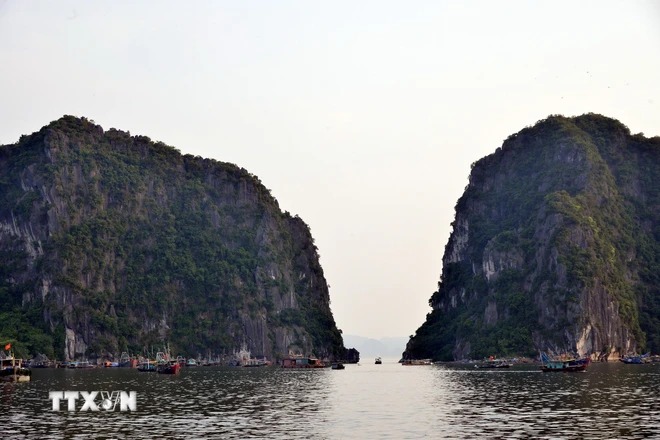 Hiện thành phố Hạ Long đã bố trí 10 điểm tránh trú bão số 3 cho các tàu thuyền. (Ảnh: Thanh Vân/TTXVN)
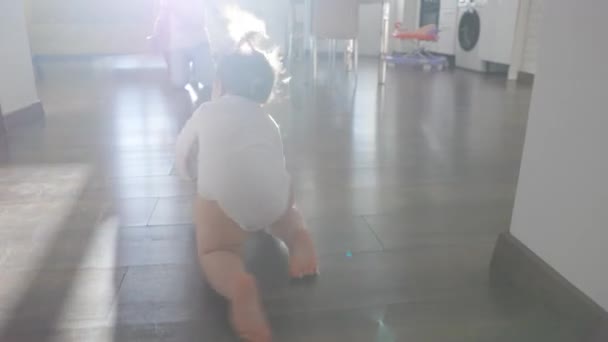 Вид сзади на маленькую девочку, ползающую по полу, малыша, исследующего дом — стоковое видео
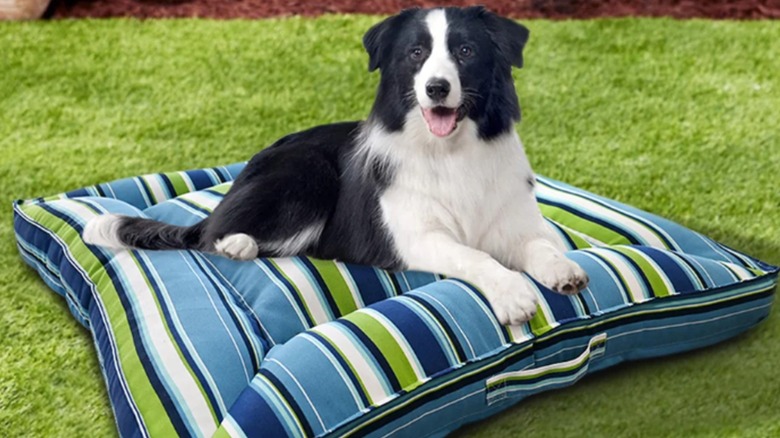 A Costco dog pet bed with a dog on it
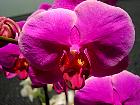 Manille - OrchidÃ©e Phalaenopsis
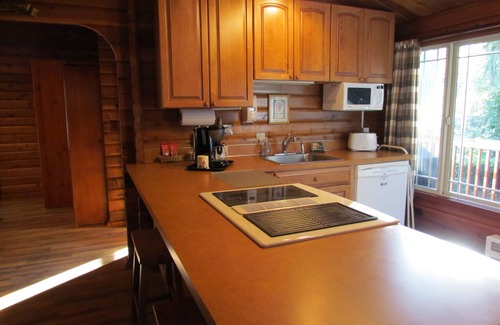 Langley Cabin | Log Cabin on 6 beautiful acres.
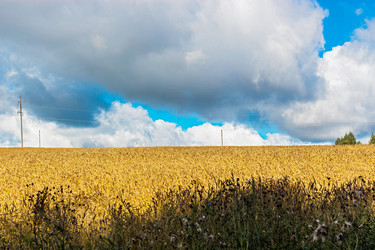 Similar image 21667544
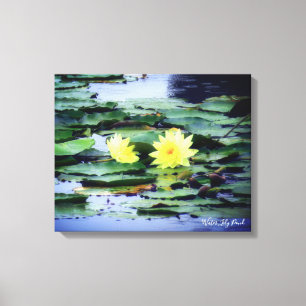 Water Lily Pond:Premium Canvas Print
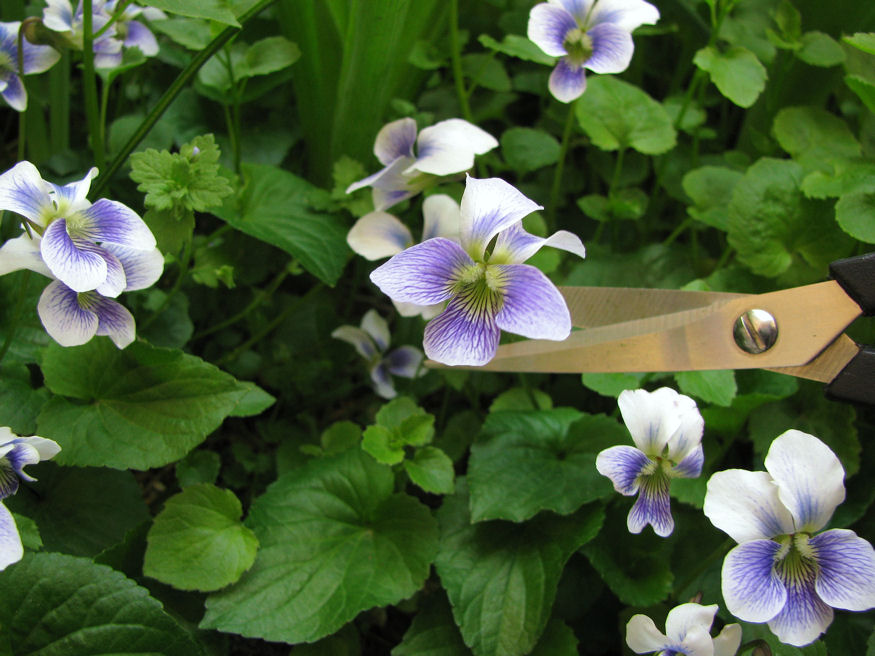 Ehető virág: fotókon az ibolya kandírozása Ehető virág: fotókon az ibolya kandírozása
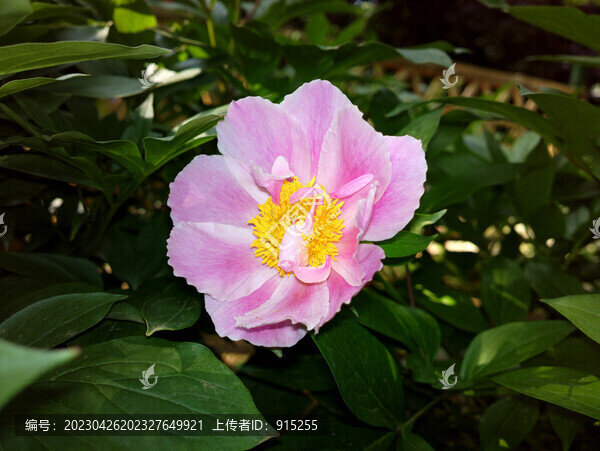 芍藥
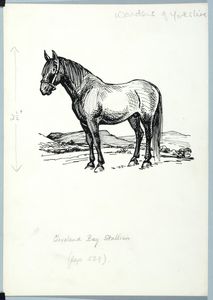 Cleveland Bay stallion. Original drawing used as a tailpiece in 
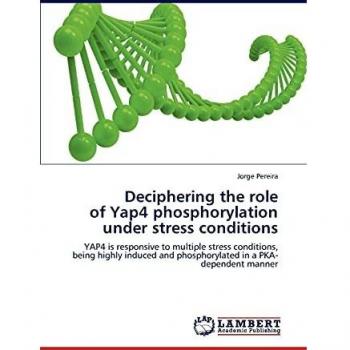 Deciphering the role of Yap4 phosphorylation under stress conditions: YAP4 is responsive to multiple stress conditions, being highly induced and phosphorylated in a PKA-dependent manner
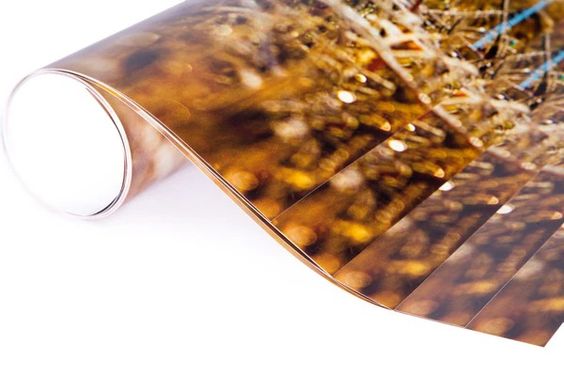 Wheatgrass First Frost Gift Wrap - 6 Sheets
***
[EXERCISE REQUIREMENTS]: Can the entries above be repeated exactly, without their pictures?

[RESULT OF THIS EXERCISE]:
 Hiện thành phố Hạ Long đã bố trí 10 điểm tránh trú bão số 3 cho các tàu thuyền. (Ảnh: Thanh Vân/TTXVN)
 Вид сзади на маленькую девочку, ползающую по полу, малыша, исследующего дом — стоковое видео
 A Costco dog pet bed with a dog on it
 Manille - OrchidÃ©e Phalaenopsis
 Langley Cabin | Log Cabin on 6 beautiful acres.
 Similar image 21667544
 Water Lily Pond:Premium Canvas Print
 Ehető virág: fotókon az ibolya kandírozása Ehető virág: fotókon az ibolya kandírozása
 芍藥
 Cleveland Bay stallion. Original drawing used as a tailpiece in 
 Deciphering the role of Yap4 phosphorylation under stress conditions: YAP4 is responsive to multiple stress conditions, being highly induced and phosphorylated in a PKA-dependent manner
 Wheatgrass First Frost Gift Wrap - 6 Sheets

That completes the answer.